Let's solve the problem step-by-step.

Step 1: Determine the slope of the given line

The given equation of the line is: $7y - 1 = -2(4 - 2x)$

First, expand and simplify the equation: $7y - 1 = -8 + 4x$

Rearrange to get the equation in slope-intercept form ($y = mx + b$): $7y = 4x + 7$ $y = \frac{4}{7}x + 1$

From this equation, the slope ($m$) of the given line is $\frac{4}{7}$.

Step 2: Write the equation of the parallel line

Lines that are parallel have the same slope. Thus, the slope of the line that passes through the point $(-8, -6)$ is also $\frac{4}{7}$.

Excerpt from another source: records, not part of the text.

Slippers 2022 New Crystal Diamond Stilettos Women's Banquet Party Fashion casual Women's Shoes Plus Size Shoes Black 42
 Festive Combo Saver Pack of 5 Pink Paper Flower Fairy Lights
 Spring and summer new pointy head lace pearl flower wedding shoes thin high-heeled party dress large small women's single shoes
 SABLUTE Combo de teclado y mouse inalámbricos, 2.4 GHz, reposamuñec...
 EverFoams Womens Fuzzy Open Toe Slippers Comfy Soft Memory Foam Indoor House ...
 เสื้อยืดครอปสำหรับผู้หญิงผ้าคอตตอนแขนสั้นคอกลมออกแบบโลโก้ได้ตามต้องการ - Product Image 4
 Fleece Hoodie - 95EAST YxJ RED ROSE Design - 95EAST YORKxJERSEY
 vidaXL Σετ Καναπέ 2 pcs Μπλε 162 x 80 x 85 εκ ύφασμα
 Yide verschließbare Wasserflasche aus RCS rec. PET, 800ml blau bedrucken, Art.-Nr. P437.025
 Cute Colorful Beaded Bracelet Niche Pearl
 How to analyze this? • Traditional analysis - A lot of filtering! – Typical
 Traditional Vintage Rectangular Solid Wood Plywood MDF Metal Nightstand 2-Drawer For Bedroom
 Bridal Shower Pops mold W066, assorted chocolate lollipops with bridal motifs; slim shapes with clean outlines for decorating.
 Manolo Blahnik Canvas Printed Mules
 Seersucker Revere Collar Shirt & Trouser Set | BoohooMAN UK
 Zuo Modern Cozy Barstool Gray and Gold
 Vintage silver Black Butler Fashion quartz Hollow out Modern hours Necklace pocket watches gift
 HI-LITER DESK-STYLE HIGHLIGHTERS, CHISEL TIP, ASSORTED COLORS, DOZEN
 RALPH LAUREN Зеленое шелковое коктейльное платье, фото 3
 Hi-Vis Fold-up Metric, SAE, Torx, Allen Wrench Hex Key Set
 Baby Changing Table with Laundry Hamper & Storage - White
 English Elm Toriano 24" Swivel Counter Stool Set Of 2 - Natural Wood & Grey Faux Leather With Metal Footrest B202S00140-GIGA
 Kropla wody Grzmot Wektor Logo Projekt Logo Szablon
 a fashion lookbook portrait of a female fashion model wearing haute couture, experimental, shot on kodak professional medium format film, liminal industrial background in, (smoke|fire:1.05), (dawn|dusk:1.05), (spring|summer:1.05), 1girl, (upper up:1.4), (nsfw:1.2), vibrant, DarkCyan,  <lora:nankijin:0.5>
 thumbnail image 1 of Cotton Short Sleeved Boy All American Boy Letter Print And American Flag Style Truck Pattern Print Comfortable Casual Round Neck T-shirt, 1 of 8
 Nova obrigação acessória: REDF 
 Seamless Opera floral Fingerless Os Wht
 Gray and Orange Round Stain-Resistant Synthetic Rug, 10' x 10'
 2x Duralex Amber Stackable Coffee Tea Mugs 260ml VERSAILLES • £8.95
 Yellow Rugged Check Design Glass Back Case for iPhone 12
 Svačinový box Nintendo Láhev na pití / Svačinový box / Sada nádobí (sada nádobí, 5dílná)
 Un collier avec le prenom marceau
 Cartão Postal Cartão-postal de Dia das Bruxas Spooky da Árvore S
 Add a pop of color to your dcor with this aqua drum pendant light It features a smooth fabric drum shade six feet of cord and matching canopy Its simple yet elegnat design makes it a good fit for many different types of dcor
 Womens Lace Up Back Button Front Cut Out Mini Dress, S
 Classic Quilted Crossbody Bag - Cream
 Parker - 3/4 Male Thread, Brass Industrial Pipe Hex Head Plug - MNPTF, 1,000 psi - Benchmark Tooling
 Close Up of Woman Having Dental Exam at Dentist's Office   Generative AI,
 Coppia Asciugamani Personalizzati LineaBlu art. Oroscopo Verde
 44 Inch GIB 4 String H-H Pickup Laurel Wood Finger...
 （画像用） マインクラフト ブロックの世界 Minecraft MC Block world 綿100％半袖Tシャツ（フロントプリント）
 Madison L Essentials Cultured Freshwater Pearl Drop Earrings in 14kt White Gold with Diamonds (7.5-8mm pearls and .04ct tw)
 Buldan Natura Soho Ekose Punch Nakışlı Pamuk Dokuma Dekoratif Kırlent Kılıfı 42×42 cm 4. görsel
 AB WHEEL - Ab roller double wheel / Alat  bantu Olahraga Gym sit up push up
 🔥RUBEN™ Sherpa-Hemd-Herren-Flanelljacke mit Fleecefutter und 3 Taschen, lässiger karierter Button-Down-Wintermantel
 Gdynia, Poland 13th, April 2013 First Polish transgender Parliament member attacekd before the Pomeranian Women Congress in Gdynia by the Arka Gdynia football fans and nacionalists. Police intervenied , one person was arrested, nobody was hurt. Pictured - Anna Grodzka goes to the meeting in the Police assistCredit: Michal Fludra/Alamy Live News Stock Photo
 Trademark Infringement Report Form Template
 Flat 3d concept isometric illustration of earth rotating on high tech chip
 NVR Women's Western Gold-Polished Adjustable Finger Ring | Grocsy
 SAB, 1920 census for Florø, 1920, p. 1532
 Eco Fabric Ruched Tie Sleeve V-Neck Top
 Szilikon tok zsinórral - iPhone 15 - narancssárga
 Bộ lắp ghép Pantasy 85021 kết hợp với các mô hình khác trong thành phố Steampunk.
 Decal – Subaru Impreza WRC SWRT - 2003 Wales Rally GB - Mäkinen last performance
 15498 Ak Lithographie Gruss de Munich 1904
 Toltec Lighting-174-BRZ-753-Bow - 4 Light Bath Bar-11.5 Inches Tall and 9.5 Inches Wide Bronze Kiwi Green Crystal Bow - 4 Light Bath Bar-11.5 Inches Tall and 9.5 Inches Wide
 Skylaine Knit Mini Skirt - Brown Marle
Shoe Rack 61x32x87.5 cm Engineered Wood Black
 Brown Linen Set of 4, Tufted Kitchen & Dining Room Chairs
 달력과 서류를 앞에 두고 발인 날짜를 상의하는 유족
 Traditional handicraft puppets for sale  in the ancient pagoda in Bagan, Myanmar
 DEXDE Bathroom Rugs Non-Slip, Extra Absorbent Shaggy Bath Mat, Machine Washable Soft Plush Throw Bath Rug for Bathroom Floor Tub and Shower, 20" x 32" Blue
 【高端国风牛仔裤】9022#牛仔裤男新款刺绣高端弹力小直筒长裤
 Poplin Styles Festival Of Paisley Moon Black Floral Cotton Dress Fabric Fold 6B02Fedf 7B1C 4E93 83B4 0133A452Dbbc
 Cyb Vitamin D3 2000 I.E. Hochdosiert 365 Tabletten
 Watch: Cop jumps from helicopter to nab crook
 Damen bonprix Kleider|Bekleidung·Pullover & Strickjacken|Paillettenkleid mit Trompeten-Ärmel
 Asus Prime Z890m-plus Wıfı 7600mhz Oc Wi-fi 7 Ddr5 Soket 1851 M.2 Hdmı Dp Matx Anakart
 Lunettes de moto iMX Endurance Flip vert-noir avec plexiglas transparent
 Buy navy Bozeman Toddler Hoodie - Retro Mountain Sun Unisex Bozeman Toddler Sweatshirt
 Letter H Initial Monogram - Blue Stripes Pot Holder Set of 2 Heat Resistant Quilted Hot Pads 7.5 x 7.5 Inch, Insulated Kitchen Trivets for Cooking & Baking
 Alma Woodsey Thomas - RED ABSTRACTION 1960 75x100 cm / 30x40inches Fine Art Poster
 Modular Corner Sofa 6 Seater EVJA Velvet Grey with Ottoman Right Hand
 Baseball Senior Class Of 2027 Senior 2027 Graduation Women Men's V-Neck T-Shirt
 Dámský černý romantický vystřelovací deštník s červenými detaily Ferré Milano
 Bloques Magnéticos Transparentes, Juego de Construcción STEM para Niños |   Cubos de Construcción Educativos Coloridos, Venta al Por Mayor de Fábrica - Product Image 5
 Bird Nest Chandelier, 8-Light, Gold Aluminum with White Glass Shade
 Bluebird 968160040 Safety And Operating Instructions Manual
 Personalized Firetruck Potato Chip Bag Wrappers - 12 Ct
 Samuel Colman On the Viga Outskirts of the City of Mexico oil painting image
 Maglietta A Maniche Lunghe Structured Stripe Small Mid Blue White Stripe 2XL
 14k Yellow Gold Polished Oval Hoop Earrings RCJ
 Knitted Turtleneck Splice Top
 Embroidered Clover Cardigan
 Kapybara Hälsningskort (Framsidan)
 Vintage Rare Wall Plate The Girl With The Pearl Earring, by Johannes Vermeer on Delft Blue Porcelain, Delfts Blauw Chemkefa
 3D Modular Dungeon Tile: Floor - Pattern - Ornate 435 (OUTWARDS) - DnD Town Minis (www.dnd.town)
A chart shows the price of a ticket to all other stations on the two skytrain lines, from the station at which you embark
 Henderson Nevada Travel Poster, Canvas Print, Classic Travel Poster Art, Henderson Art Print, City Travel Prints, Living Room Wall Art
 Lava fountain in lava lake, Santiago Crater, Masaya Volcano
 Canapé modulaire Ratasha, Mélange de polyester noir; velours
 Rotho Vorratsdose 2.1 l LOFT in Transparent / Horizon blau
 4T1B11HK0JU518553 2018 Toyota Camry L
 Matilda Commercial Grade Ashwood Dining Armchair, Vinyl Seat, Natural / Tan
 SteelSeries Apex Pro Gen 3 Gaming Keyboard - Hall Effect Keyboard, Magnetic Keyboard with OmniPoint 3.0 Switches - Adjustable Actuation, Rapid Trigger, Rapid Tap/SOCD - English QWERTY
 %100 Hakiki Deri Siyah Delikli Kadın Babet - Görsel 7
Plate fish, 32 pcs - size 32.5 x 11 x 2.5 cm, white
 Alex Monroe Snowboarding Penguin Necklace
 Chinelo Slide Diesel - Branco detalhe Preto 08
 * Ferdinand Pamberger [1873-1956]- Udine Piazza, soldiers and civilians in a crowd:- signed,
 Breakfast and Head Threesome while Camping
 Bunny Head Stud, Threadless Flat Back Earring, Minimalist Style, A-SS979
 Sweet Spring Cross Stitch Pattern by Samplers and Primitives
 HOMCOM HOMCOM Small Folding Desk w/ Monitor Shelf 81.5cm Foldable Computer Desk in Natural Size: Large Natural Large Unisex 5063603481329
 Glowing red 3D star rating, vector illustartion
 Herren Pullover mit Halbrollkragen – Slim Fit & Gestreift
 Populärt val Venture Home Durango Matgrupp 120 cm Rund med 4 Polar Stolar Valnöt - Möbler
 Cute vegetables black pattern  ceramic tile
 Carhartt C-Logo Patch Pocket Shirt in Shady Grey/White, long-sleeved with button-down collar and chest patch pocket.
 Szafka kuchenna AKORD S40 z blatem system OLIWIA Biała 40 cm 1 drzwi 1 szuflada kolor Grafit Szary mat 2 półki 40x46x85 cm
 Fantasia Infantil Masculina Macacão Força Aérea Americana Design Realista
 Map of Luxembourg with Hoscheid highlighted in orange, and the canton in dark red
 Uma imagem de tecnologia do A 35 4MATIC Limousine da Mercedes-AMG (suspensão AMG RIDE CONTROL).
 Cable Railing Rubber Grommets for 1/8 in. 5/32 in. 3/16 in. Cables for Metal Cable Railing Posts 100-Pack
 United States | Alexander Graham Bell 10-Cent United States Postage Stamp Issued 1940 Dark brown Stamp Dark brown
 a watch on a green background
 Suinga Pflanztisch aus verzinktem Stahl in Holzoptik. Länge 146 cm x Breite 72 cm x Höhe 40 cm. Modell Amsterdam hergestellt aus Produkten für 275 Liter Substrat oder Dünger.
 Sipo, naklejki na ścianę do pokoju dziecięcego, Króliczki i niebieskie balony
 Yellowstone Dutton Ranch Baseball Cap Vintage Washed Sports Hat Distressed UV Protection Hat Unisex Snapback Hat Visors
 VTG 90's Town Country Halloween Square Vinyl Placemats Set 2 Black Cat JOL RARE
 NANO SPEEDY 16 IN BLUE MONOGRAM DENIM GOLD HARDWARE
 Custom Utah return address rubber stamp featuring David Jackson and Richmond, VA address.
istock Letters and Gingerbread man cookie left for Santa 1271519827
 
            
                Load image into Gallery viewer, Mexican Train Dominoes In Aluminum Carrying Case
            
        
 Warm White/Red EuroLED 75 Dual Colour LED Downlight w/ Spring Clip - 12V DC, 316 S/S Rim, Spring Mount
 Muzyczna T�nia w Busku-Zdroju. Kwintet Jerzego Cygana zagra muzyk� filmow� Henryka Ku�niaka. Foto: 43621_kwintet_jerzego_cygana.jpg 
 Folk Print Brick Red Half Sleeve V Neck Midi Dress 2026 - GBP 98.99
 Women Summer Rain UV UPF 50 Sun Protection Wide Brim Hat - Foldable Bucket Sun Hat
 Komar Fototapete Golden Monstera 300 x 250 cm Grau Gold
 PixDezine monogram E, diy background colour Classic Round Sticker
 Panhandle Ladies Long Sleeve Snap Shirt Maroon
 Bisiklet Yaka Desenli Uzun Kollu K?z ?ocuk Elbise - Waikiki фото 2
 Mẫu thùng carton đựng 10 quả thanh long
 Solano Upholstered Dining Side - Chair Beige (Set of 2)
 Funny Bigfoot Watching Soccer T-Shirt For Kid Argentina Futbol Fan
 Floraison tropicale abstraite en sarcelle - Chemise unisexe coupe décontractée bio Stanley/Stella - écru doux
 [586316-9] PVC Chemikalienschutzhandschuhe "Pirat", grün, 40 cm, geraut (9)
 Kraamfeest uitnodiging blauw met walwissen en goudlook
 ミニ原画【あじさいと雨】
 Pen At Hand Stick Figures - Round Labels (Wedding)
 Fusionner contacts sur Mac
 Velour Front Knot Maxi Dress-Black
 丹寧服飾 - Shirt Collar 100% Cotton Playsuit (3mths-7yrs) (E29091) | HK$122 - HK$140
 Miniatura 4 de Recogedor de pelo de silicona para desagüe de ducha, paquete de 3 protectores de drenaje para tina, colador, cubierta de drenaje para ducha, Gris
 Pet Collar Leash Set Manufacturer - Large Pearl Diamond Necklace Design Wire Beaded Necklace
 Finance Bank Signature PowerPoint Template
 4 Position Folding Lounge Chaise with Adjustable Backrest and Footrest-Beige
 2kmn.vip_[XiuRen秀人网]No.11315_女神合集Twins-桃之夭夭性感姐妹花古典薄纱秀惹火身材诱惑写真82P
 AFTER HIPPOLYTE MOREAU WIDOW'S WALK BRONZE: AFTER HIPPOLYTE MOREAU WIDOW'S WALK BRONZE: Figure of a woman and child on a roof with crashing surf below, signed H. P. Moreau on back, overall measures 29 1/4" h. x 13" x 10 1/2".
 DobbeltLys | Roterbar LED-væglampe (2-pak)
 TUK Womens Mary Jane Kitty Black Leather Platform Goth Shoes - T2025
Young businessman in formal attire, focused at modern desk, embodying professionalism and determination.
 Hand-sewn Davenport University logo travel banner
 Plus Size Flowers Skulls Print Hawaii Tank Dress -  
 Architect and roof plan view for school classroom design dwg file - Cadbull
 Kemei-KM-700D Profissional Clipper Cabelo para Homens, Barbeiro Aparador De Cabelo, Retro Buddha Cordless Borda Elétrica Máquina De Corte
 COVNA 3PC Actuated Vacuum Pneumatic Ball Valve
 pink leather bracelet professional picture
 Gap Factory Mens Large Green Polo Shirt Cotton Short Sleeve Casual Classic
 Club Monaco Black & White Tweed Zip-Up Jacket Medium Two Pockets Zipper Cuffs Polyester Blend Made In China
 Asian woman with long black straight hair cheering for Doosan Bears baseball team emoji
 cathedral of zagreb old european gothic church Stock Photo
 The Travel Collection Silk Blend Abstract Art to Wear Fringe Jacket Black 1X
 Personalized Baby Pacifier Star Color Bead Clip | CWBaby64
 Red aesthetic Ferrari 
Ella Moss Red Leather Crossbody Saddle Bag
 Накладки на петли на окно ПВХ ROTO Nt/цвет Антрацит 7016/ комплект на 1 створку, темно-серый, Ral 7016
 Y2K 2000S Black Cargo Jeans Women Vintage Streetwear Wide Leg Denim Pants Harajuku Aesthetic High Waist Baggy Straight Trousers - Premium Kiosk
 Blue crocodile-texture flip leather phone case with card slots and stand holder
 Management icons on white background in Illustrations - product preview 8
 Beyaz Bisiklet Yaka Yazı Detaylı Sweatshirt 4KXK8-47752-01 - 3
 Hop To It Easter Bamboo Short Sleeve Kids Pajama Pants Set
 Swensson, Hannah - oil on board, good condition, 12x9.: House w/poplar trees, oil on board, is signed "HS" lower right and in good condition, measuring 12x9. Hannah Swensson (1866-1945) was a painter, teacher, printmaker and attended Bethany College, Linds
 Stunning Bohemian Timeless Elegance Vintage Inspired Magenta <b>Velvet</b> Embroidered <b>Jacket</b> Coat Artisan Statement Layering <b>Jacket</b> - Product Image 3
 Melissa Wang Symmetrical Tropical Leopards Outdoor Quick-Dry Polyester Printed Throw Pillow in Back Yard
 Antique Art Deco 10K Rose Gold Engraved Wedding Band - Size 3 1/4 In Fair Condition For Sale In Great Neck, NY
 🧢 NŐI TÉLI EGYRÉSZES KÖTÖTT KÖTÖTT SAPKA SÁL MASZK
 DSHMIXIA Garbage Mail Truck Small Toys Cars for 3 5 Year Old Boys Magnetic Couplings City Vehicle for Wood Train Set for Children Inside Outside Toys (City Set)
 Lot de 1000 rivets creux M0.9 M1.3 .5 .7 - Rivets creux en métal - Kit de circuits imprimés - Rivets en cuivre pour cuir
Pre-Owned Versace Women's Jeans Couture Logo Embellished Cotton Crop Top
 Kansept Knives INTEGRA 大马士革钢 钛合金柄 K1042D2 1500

Using the point-slope form of a line equation, which is $y - y_1 = m(x - x_1)$ where $(x_1, y_1)$ is a point on the line and $m$ is the slope, we can plug in the values: $y + 6 = \frac{4}{7}(x + 8)$

Now simplify this to get the equation in slope-intercept form: $y + 6 = \frac{4}{7}x + \frac{32}{7}$ $y = \frac{4}{7}x + \frac{32}{7} - 6$ $y = \frac{4}{7}x + \frac{32}{7} - \frac{42}{7}$ $y = \frac{4}{7}x - \frac{10}{7}$

So, the equation of the line in slope-intercept form is: $y = \frac{4}{7}x - \frac{10}{7}$

This equation represents the line parallel to the given line and passing through the point $(-8, -6)$.

Would you like more details on any of these steps or have any other questions?

Here are a few related questions you might find interesting:

1. How would you find the perpendicular slope to this line?
2. What would be the equation of a line parallel to the given line but passing through the origin?
3. How can we determine the y-intercept of a line if we know a point and the slope?
4. What is the significance of the slope in real-life applications?
5. Can you find the intersection point between the original line and the y-axis?

Tip: When you need to find a line parallel to a given line, always use the same slope for the new line as the given line's slope.